A veces monto
las moscas con parsimonia, saboreando la lentitud, haciendo un trabajo
detallista y con una voluntad de perfección que sólo va a quedar entre las truchas
y yo. Pienso despacio qué hilo, cercos, pelos y plumas voy utilizar y dejo reposar
el señuelo a cada paso, mirando con la lupa al bicho, comparando mi obra
con las fotografías de otros montadores mejores que yo, buscando en el tiempo del futuro ese instante en el que la haré volar hasta el agua. En este siglo de prisa y
velocidad, de productividad máxima y relojes exprimidos necesitamos momentos
para perder el tiempo o, mejor dicho, para perdernos nosotros mismo dentro del Tiempo.
Hoy he mirado
en el calendario cuanto queda para bajar a mis gargantas. Más de dos meses pero
menos de tres, y no sé si es mucho o poco tiempo.
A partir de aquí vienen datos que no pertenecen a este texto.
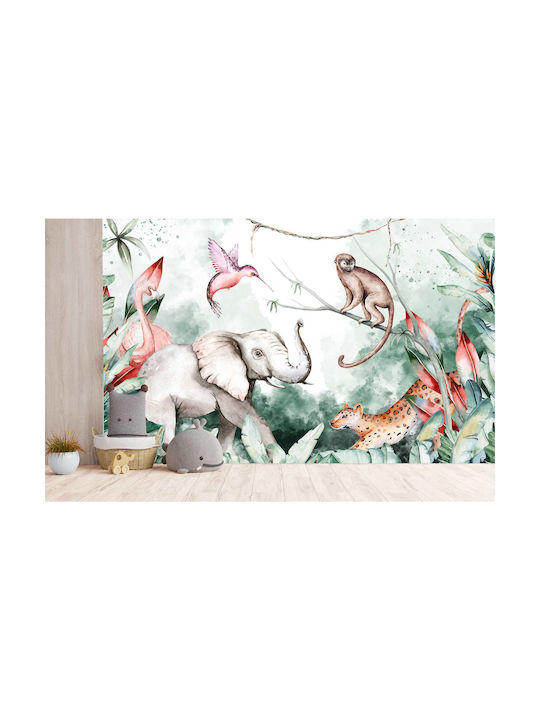 Decowalls Kinder Tapete B148xH220cm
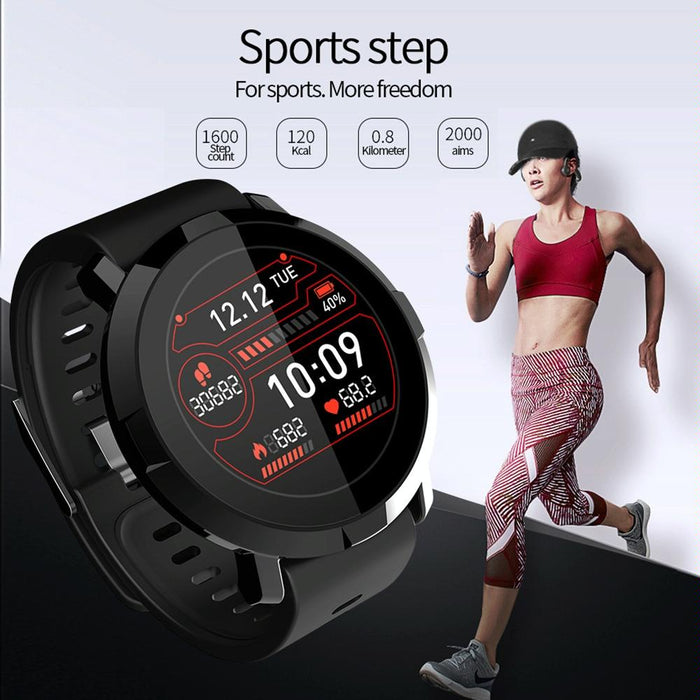 Tft Smart Bracelet Ip67 Waterproof Call Heart Rate Monitor Sleep Sport Modes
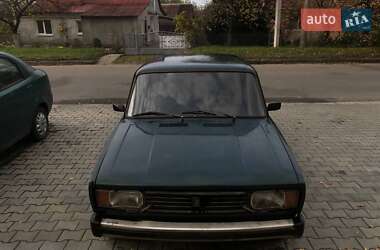 Седан ВАЗ 2105 1997 в Луцьку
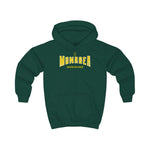 Monagea Unisex Kids Hoodie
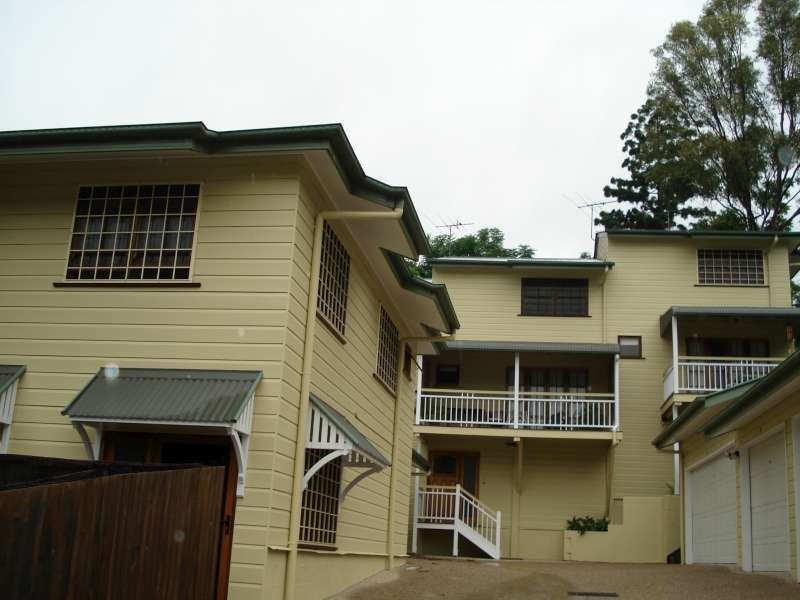 4/8 Bousfield Street, Paddington QLD 4064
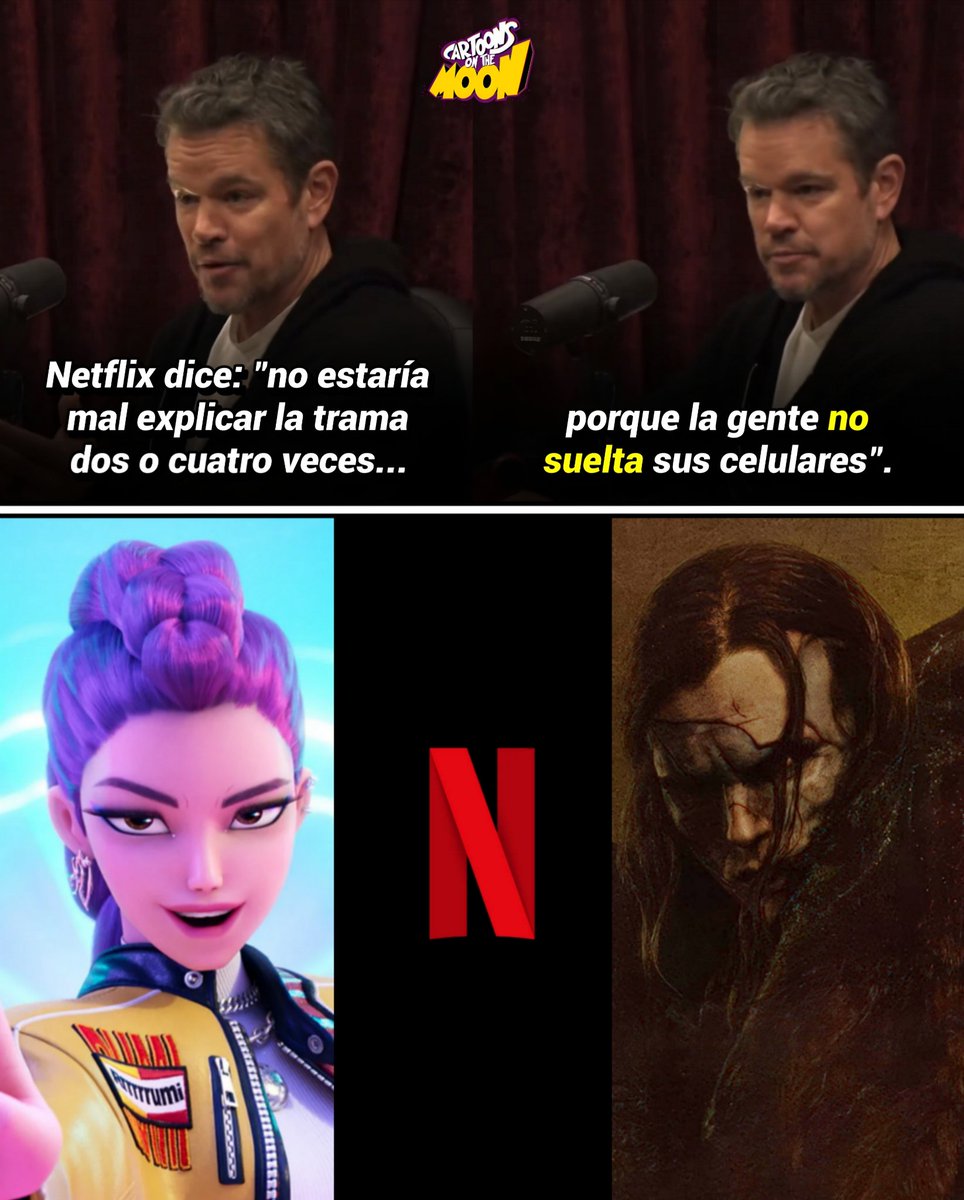 Cartoons On The Moon tweet media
Termino la mosca que algún día
estará atada el final de mi seda y la dejo reposar encima de un libro por
comprobar si me ha salido perfecta y sale volando asustada de mi sombra. Pero
no.
Vamos
perdiendo el tiempo muchas veces, aplazando la vida, dejando para mañana lo
importante, cómo si alguna vez supiéramos de verdad qué es lo importante.
Pero alguna
vez si lo comprendemos, metidos en el agua tras las truchas, contemplando el
lance del hijo pescador, caminando aún de noche por la vereda que baja a la
poza del Águila, atando con los dedos ateridos esa primera mosca de la temporada,
sorprendidos en un instante por el calor del tímido sol de marzo sobre la
espalda. Alguna vez si comprendemos que hay que vivir lento, no dando a la
prisa ningún otro regalo, no aplazando esta dicha sencilla de pescar. No despreciando el tiempo de nuestra
vida malvendiendo sus horas por casi nada. Muchas veces lo hice y aun lo hago. Otras veces no. Fabrico
moscas pequeñas muy despacio, me escapo
al río a caminar, hablo con el hijo saboreando la mañana, el frío, el sol de estos
días de invierno. No somos muy diferentes de una efémera, sólo tenemos distinto
el reloj que acompasa nuestro corazón. Pero no queremos darnos cuenta.